For much of the past decade, cryptocurrency occupied a well-defined role in the financial imagination: a radical experiment at the margins of the global monetary system, useful for challenging orthodoxies but never quite threatening the foundations of institutional power. That framing, as Chris Skinner of The Finanser argues in his July 6–12, 2026 weekly dispatch, has now become dangerously outdated.

In a piece titled Crypto and Politico: One Step Beyond, Skinner reflects on a significant shift in his own thinking — and by extension, in how the financial establishment should be reading the crypto phenomenon. For years, he acknowledges, he viewed digital assets primarily as a financial experiment: provocative, intellectually stimulating, and genuinely disruptive to banking incumbents and regulatory frameworks. What he had not fully reckoned with, he writes, was the degree to which cryptocurrency was simultaneously evolving into something far more consequential — a force quietly reshaping political power itself.

This is not a trivial distinction. Financial disruption, however dramatic, operates within a recognisable frame. Banks adapt, regulators respond, capital flows shift. The system stretches, but the underlying architecture of governance — who holds power, who sets the rules, who funds the campaigns and the causes — remains broadly stable. Political disruption is a different order of magnitude entirely. It is the difference between reforming an institution and replacing the conditions that make institutions possible.

Skinner's observation arrives at a moment when the evidence for crypto's political reach is difficult to ignore. Across the United States and Europe, digital asset lobbying operations have matured into sophisticated machines capable of shaping legislation directly. In Washington, political action committees aligned with the Coinbase-backed Fairshake organisation spent hundreds of millions of dollars in the 2024 electoral cycle to install crypto-friendly candidates in Congress — a display of financial firepower that left traditional finance lobbyists reassessing the competitive landscape. The outcome was palpable: a Congress markedly more receptive to industry-drafted digital asset legislation than any of its predecessors.

In Europe, the picture is more nuanced but equally telling. The passage of the Markets in Crypto-Assets regulation — MiCA — by the European Union represented a genuine regulatory landmark, but it also revealed how effectively the industry had inserted itself into the legislative conversation. What began as a Brussels effort to contain and control a disruptive technology became, in part, a framework shaped by the very entities it was designed to govern. The European Banking Authority and associated bodies now find themselves in ongoing dialogue with an industry that speaks with far greater institutional coherence than it did even three years ago.

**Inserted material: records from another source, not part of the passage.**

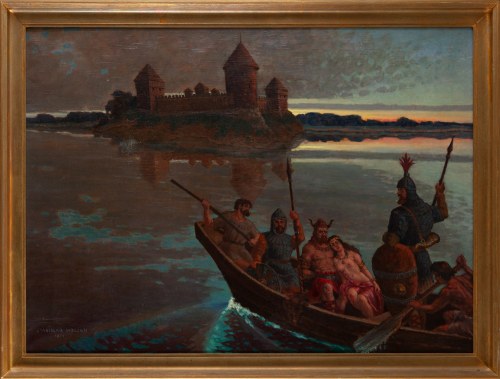 Powrót Polan z wyprawy, 1971, Stanisław Wocjan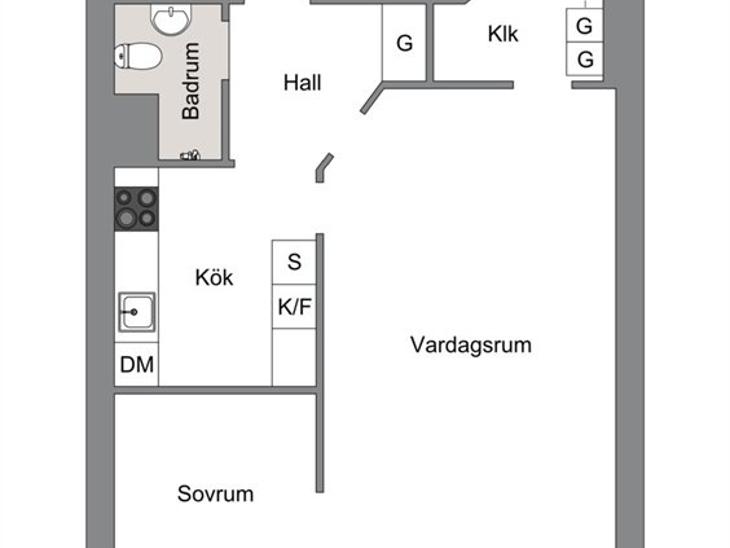 Bostad Vikingagatan Stockholm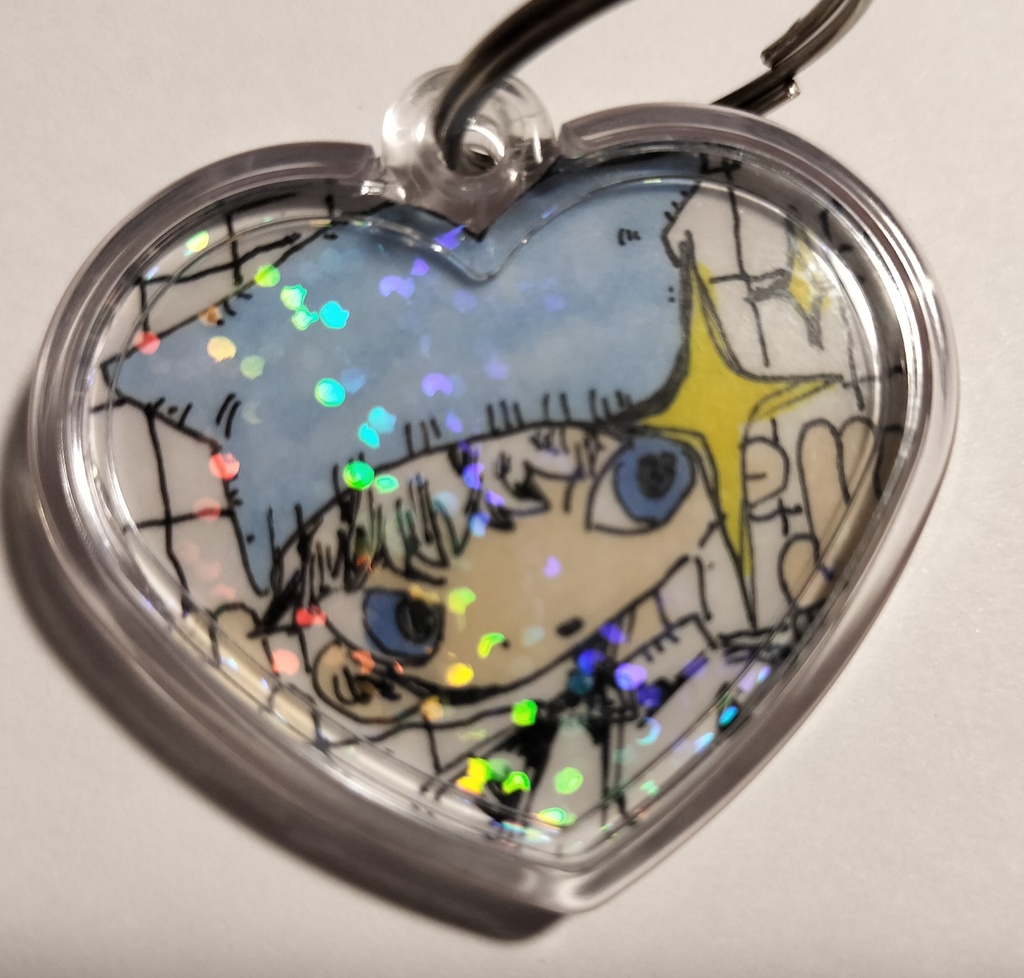 片面デザイン原画キーホルダー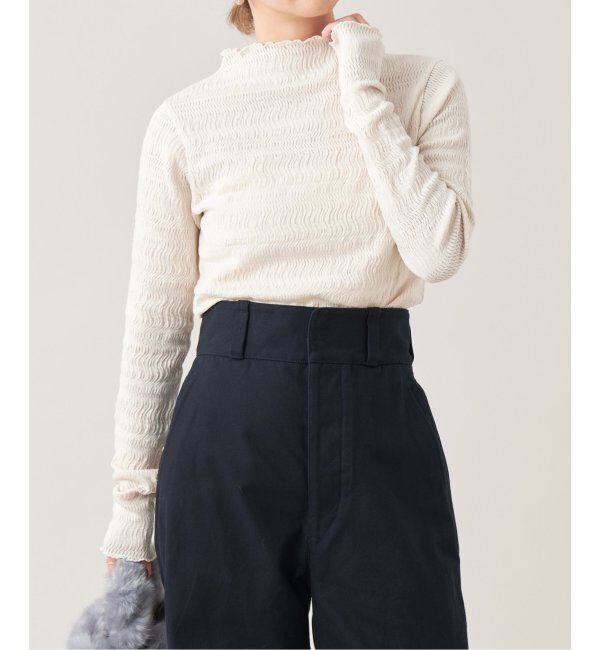IENA LA BOUCLE「IENA LA BOUCLE ウェーブラッセルハイネックプルオーバー」|Tシャツ・カットソー|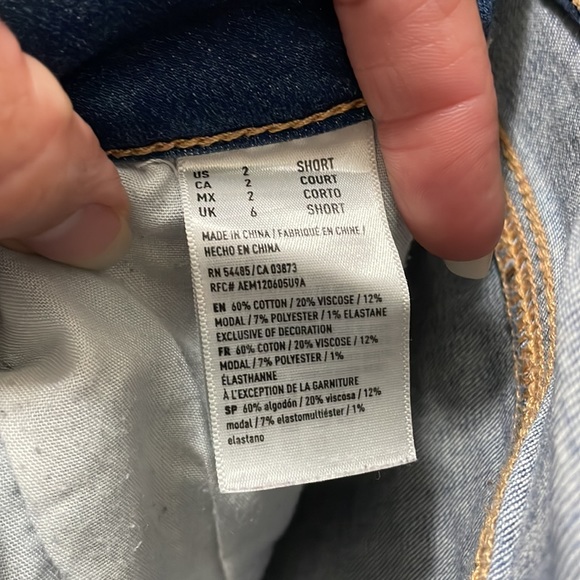 American Eagle women’s Super Stretch X  jeggings size  2 short - Picture 6 of 7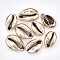 Cowrie Shell Beads, with UV Plated, No Hole/Undrilled, Navajo White, 21~30x15~21x7~9mm
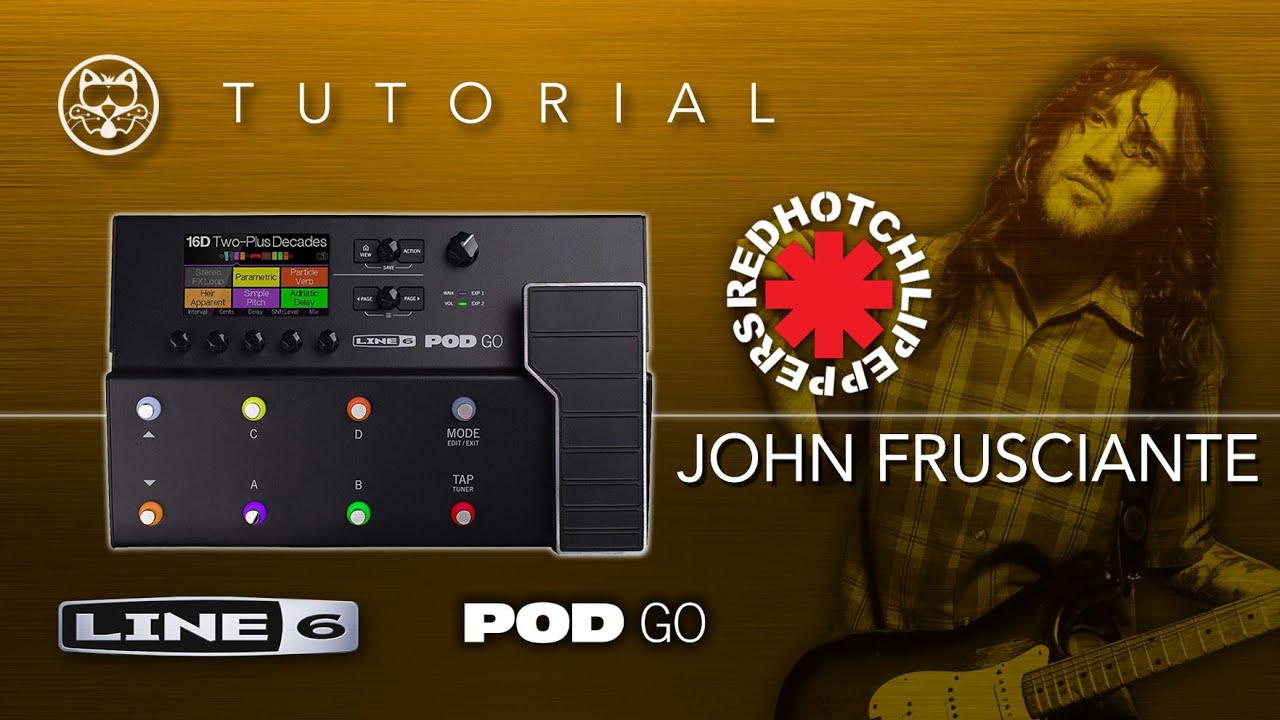 LINE 6 POD GO! Red Hot Chili Peppers - John Frusciante... EN ESPAÑOL!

Beyond direct lobbying, crypto's political dimension has taken forms that are harder to track but arguably more profound. The concentration of wealth among early holders of Bitcoin and other major assets has created a new donor class with ideological motivations distinct from those of conventional finance. These are individuals who did not merely profit from a system — they built their fortunes on the belief that the existing system was fundamentally broken. That is a different kind of money in politics, carrying different expectations of those it funds.

Central banks, too, are experiencing this gravitational pull. The European Central Bank and the Bank for International Settlements have both escalated their central bank digital currency research programmes in no small part as a defensive response to the expanding footprint of private digital assets. When monetary authorities feel compelled to redesign sovereign money in response to a competitor technology, the disruption has moved well beyond the fintech sector. It has entered the domain of monetary sovereignty — which is, by definition, a political domain.

Skinner's framing of this evolution as "one step beyond" is apt precisely because it resists the comfortable narrative that crypto is merely maturing into a regulated asset class. Maturation implies accommodation — a rough edge being smoothed into something the existing order can absorb. What Skinner identifies is something more unsettling: an asset class that has developed the structural capacity to reshape the order itself. The institutions that once watched cryptocurrency from a position of confident superiority — banks, governments, central monetary authorities — are increasingly finding themselves reactive rather than directive.

What This Means for Financial Institutions

The practical implication for banks and regulators is that crypto can no longer be assessed solely on financial metrics — market capitalisation, trading volumes, institutional adoption rates. Its influence must now be modelled across political risk frameworks as well. The industry's ability to fund electoral outcomes, shape regulatory texts, and reframe public discourse about money represents a category of systemic influence that balance sheets alone will never capture. For compliance officers, risk committees, and government affairs teams alike, Skinner's warning amounts to a call to update the map — because the territory has changed substantially, and the old coordinates no longer suffice.